Now, academics like Krienke, who studies literary and medical history, believe that ancient concepts about recovery could give vital context for the epidemic, as millions of COVID-19 patients are disappointed by the persistence of symptoms for weeks or months after infection. “All kinds of illnesses have enduring repercussions, but we don’t have a method to talk about it culturally,” says Krienke, who is now an assistant lecturer at the University of Wyoming. “I believe convalescence is a useful paradigm for the present.”

Why do we require rest?

According to Sally Sheard, historian and executive dean of the Institute of Population Health at the University of Liverpool, the pandemic provides an opportunity to examine the patient’s experience, as well as the amount of time we are ready to allow for rehabilitation. “One of the most apparent lessons from my research on convalescence is that you can’t speed the process,” she says. In the United Kingdom, some COVID-19 patients were discharged too quickly to free up beds, while others were kept in the hospital for too long due to a lack of care at home, she says, adding, “therefore maybe we need midway or recovery homes,” similar to older convalescent facilities.

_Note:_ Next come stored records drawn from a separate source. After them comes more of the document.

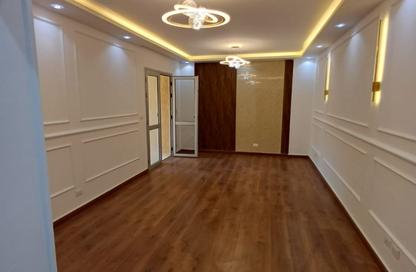 Apartment - 2 Bedrooms - 1 Bathroom for sale in Madinaty - Cairo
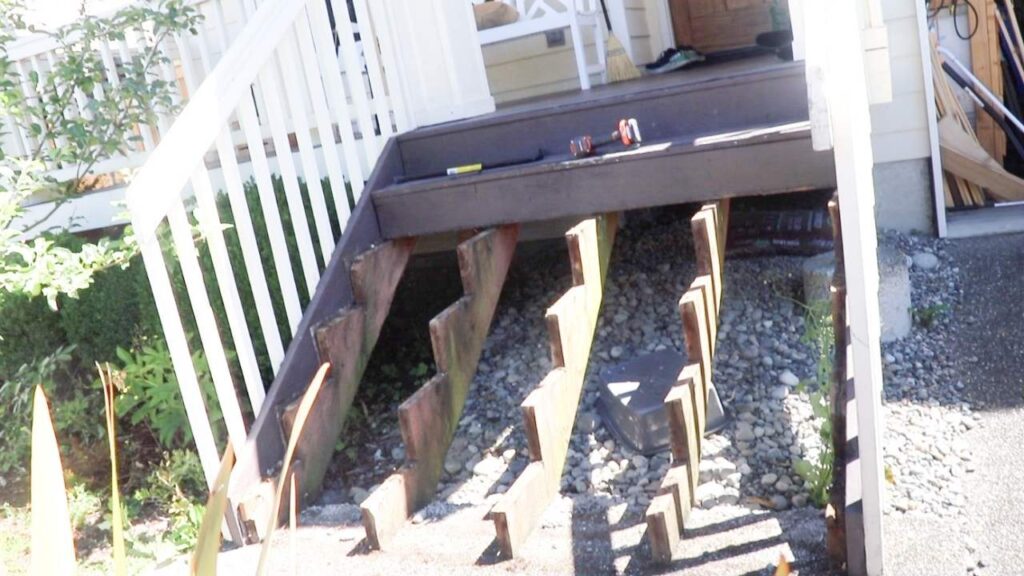 Outdoor dog ramp outlet for deck stairs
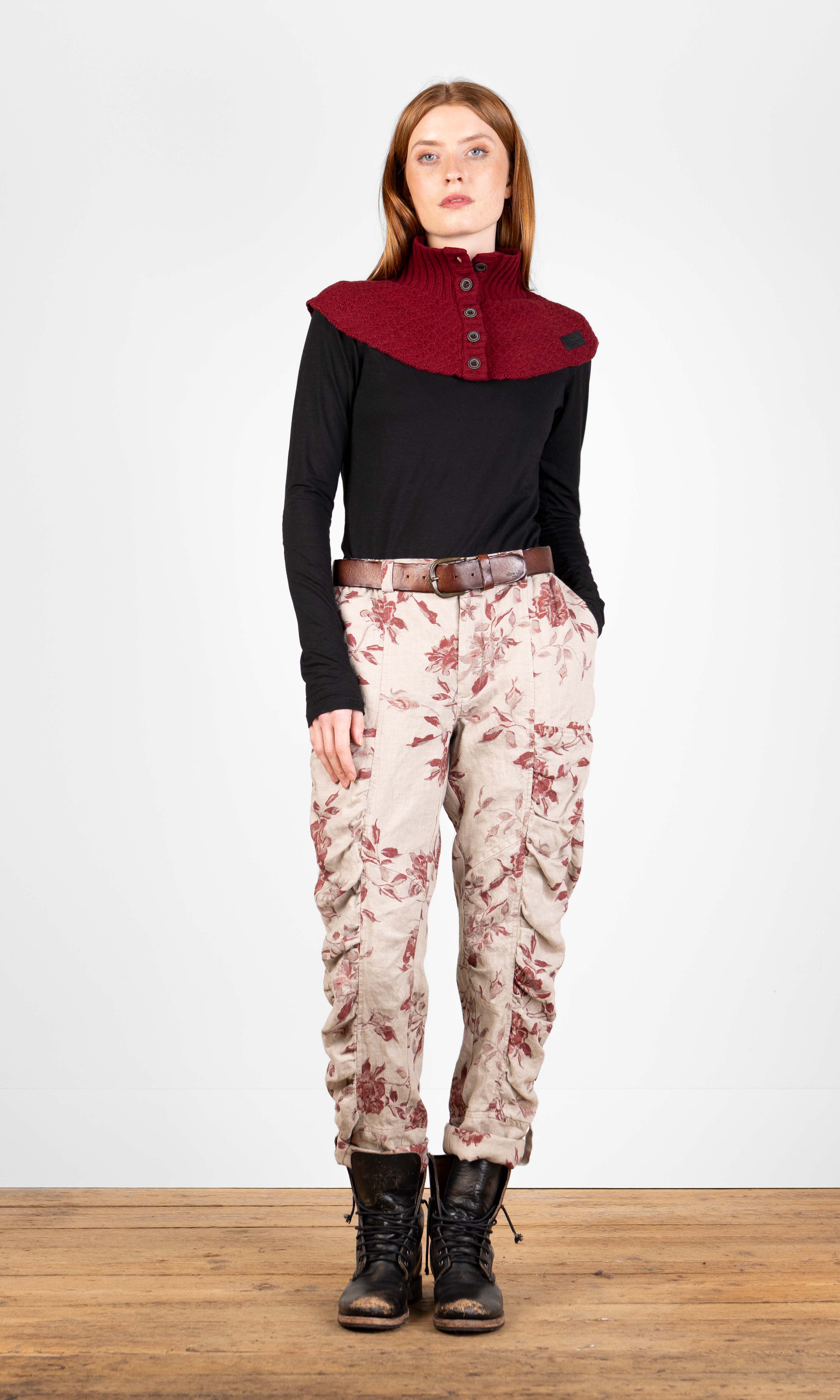 Wool collar with button fastening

As scientists have a better knowledge of chronic COVID-19—a disease in which symptoms persist long after the initial diagnosis and illness—the epidemic has focused greater attention on long-term recovery. Many hospitals across the world, for example, have established post-acute care clinics for these patients. Pinto predicts that if medication for COVID-19 is discovered, “the office will want you back in five days,” but he also recognizes the possibility to advance understanding of long-term mechanisms in virus infections. Post-viral symptoms have been described in infections ranging from SARS to dengue, but they have received little attention.

“Dengue patients experience lethargy for several weeks after infection, and chikungunya patients can experience pain for months,” Pinto notes, “but we don’t talk about long dengue or long chikungunya.”

Hospitals haven’t seen “this raw number of people with a common condition in a century,” according to Ann Parker, pulmonologist and co-director of the Johns Hopkins Post-Acute COVID-19 team. In the absence of evidence-based therapies for protracted COVID-19—interventions that lengthier trials might provide—the clinic treats patients symptomatically, drawing on post-intensive-care rehabilitation in particular. According to Parker, treatment can involve “supportive” services such as physical therapy and counseling for symptoms such as weariness and worry. “We definitely notice that patients tend to improve,” she continues, despite the fact that there haven’t been any randomized trials comparing different therapies.

Many clinics began putting patients with persistent fatigue, the most frequent symptom, on exercise regimens as part of normal therapy early in the epidemic. However, in August, the American Academy of Physical Medicine and Rehabilitation issued a multidisciplinary consensus statement recommending individualized programs and advising patients to “pay attention to their body” and “pace” their activity—exactly like 19th-century prescriptions for convalescence.

Pacing is key because many patients suffer from “post-exertional malaise,” in which a burst of activity leads to exacerbated weariness, according to Alba Miranda Azola, co-director of Johns Hopkins’ Post-Acute COVID-19 Program and a statement co-author. “We have found that patients with post-viral fatigue that push through and enter a crash cycle have overall functional decline.” According to William Brode, medical director of the Post-COVID-19 Program at the University of Texas at Austin, cognitive demands can also cause a crash. He’s seen kids collapse for three days following the stress of a term paper deadline. “And they might not have even left the dorm room.”